**Exercise directions**
In the listing below, locate the line containing "this 1195×897 image."; reproduce that line and all lines that follow it, unchanged.

• • • •

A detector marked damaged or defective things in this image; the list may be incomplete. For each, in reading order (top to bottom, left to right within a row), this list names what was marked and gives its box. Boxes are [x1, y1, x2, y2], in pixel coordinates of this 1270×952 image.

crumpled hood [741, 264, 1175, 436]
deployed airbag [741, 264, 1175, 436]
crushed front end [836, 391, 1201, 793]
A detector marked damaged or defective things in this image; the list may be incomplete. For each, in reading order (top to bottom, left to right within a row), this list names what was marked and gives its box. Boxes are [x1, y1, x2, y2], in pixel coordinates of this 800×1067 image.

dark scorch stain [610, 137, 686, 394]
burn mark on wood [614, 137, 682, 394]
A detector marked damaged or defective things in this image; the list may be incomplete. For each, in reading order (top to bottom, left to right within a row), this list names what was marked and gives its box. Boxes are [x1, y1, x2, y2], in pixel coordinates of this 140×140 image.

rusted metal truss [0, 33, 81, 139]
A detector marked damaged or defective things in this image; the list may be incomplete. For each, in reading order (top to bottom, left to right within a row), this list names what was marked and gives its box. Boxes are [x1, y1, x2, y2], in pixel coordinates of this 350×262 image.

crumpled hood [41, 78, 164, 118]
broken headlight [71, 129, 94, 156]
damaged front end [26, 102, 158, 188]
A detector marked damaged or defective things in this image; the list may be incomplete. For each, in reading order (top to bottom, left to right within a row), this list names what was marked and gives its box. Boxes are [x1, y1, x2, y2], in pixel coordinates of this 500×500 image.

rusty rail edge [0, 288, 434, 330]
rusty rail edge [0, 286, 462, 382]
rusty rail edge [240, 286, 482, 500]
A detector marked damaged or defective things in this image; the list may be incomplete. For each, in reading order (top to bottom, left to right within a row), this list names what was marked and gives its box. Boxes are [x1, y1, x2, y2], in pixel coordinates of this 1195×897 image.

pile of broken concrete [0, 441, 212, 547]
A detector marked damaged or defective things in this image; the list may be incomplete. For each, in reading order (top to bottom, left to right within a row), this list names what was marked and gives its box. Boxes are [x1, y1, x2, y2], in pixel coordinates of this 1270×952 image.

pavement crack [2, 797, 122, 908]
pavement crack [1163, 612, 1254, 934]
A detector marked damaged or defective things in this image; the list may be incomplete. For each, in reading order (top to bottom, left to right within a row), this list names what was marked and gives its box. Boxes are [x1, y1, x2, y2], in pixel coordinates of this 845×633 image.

• • • •

**Task output**
A detector marked damaged or defective things in this image; the list may be incomplete. For each, in reading order (top to bottom, left to right within a row), this list names what was marked and gives its box. Boxes are [x1, y1, x2, y2], in pixel coordinates of this 1195×897 image.

pile of broken concrete [0, 441, 212, 547]
A detector marked damaged or defective things in this image; the list may be incomplete. For each, in reading order (top to bottom, left to right within a row), this list names what was marked and gives its box. Boxes are [x1, y1, x2, y2], in pixel coordinates of this 1270×952 image.

pavement crack [2, 797, 122, 908]
pavement crack [1163, 612, 1254, 934]
A detector marked damaged or defective things in this image; the list may be incomplete. For each, in reading order (top to bottom, left to right within a row), this list names what was marked and gives its box. Boxes are [x1, y1, x2, y2], in pixel coordinates of this 845×633 image.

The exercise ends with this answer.